__Task to complete__: What is needed is a word-for-word transcription of every record below.

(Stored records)
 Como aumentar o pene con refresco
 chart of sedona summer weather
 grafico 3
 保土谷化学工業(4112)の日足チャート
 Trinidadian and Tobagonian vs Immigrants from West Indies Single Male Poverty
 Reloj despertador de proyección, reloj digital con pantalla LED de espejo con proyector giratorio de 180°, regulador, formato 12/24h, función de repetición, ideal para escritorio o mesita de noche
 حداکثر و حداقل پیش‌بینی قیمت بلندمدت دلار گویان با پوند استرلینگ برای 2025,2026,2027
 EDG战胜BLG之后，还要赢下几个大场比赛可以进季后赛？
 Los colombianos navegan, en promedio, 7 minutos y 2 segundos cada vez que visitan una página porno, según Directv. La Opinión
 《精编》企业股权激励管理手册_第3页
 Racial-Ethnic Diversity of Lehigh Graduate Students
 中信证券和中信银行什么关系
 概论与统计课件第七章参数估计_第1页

__Task answer__:
 Como aumentar o pene con refresco
 chart of sedona summer weather
 grafico 3
 保土谷化学工業(4112)の日足チャート
 Trinidadian and Tobagonian vs Immigrants from West Indies Single Male Poverty
 Reloj despertador de proyección, reloj digital con pantalla LED de espejo con proyector giratorio de 180°, regulador, formato 12/24h, función de repetición, ideal para escritorio o mesita de noche
 حداکثر و حداقل پیش‌بینی قیمت بلندمدت دلار گویان با پوند استرلینگ برای 2025,2026,2027
 EDG战胜BLG之后，还要赢下几个大场比赛可以进季后赛？
 Los colombianos navegan, en promedio, 7 minutos y 2 segundos cada vez que visitan una página porno, según Directv. La Opinión
 《精编》企业股权激励管理手册_第3页
 Racial-Ethnic Diversity of Lehigh Graduate Students
 中信证券和中信银行什么关系
 概论与统计课件第七章参数估计_第1页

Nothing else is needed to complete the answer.